> _TASK PROMPT_
Once the pictures are removed, reproduce what is left of the data below exactly.

───── AVAILABLE DATA ─────

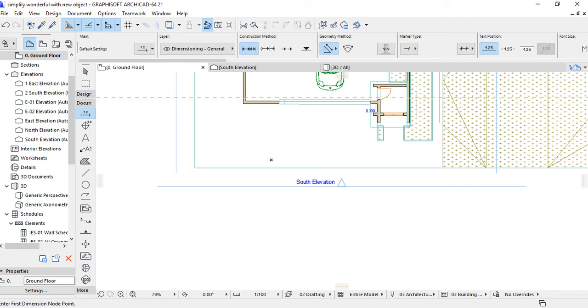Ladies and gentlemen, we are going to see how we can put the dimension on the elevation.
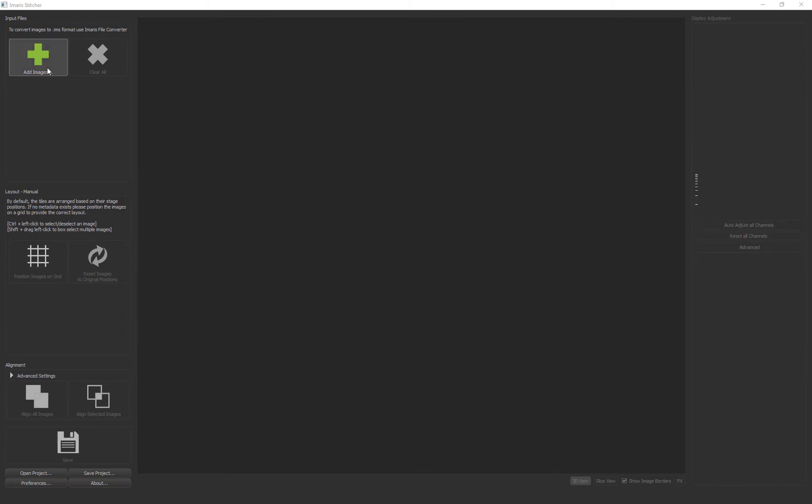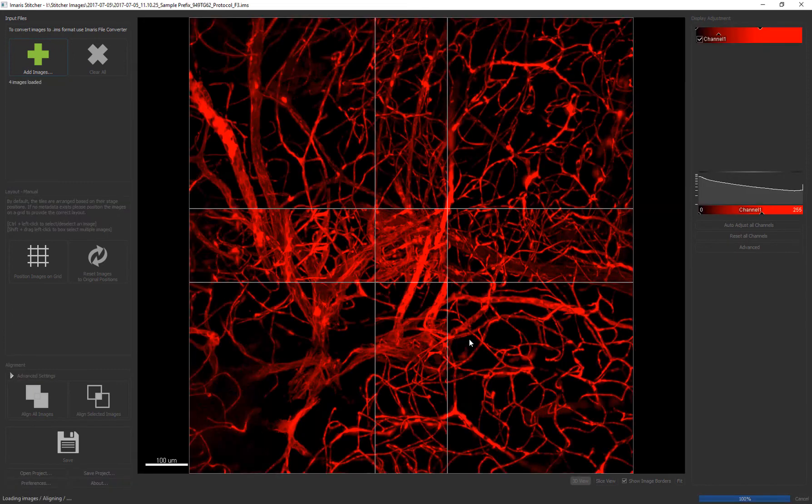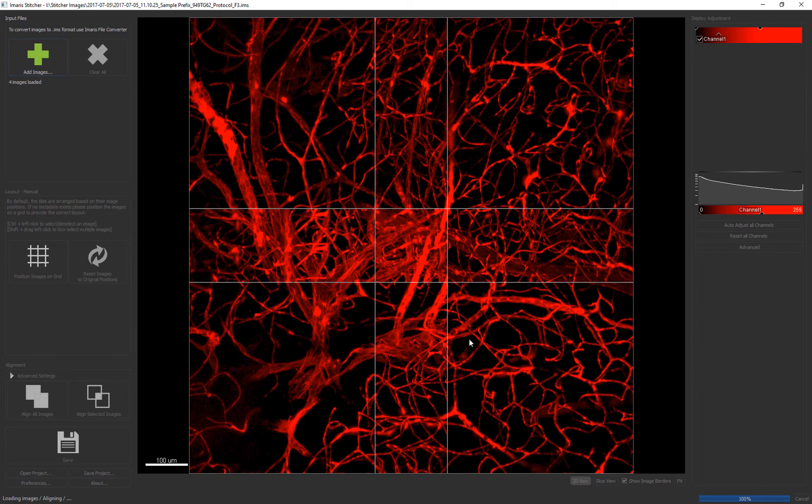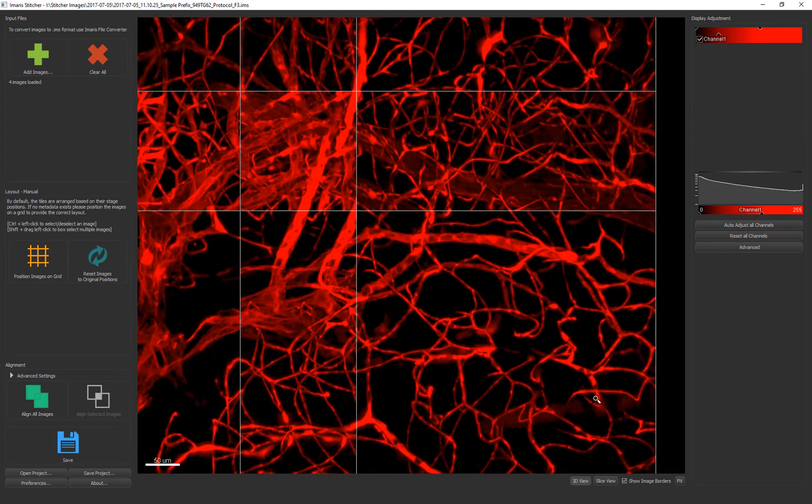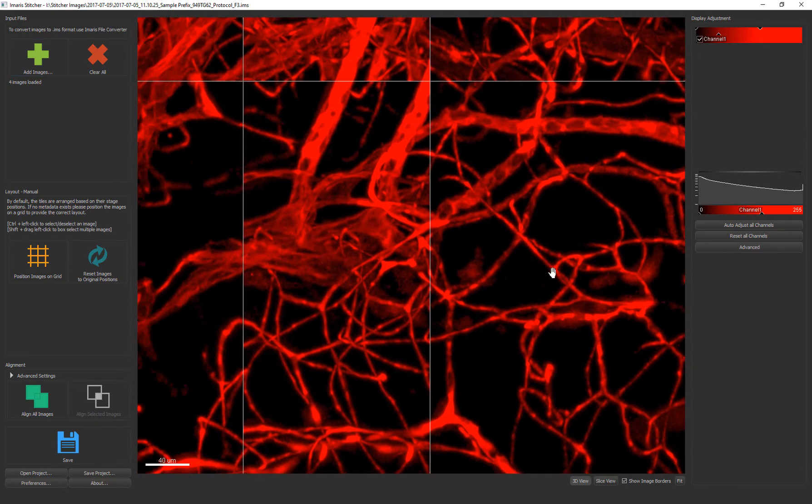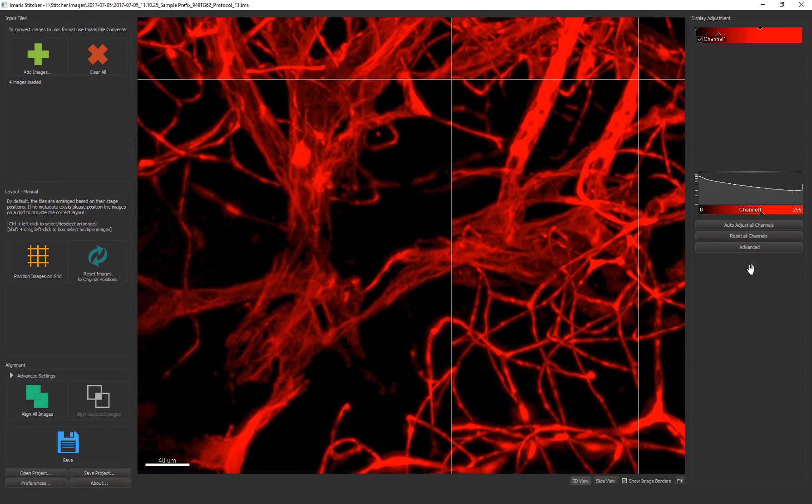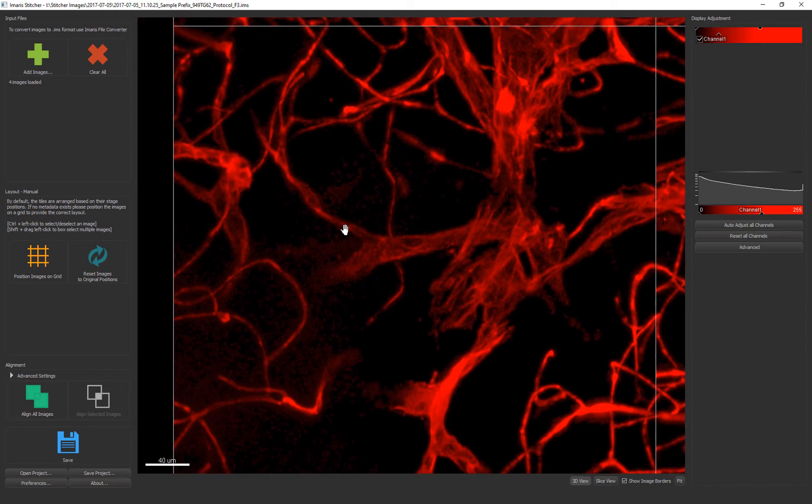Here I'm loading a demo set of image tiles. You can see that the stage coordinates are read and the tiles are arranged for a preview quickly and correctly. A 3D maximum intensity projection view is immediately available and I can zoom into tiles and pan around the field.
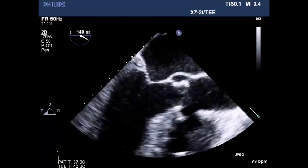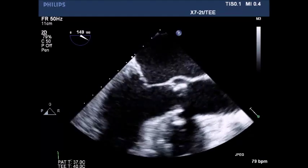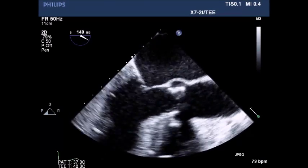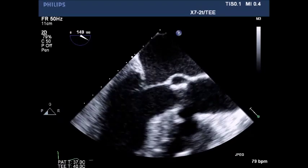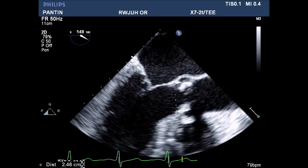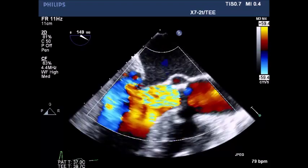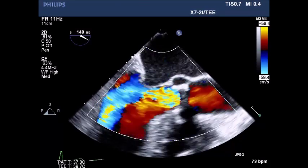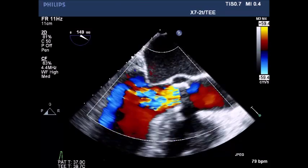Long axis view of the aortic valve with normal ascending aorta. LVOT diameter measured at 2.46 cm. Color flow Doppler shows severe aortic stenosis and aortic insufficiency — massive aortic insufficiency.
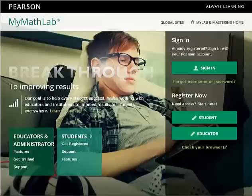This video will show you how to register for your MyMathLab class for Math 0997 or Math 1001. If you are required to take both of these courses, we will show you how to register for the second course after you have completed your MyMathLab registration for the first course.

─────

> _SOLUTION BELOW_
Ladies and gentlemen, we are going to see how we can put the dimension on the elevation.
Here I'm loading a demo set of image tiles. You can see that the stage coordinates are read and the tiles are arranged for a preview quickly and correctly. A 3D maximum intensity projection view is immediately available and I can zoom into tiles and pan around the field.
Long axis view of the aortic valve with normal ascending aorta. LVOT diameter measured at 2.46 cm. Color flow Doppler shows severe aortic stenosis and aortic insufficiency — massive aortic insufficiency.
This video will show you how to register for your MyMathLab class for Math 0997 or Math 1001. If you are required to take both of these courses, we will show you how to register for the second course after you have completed your MyMathLab registration for the first course.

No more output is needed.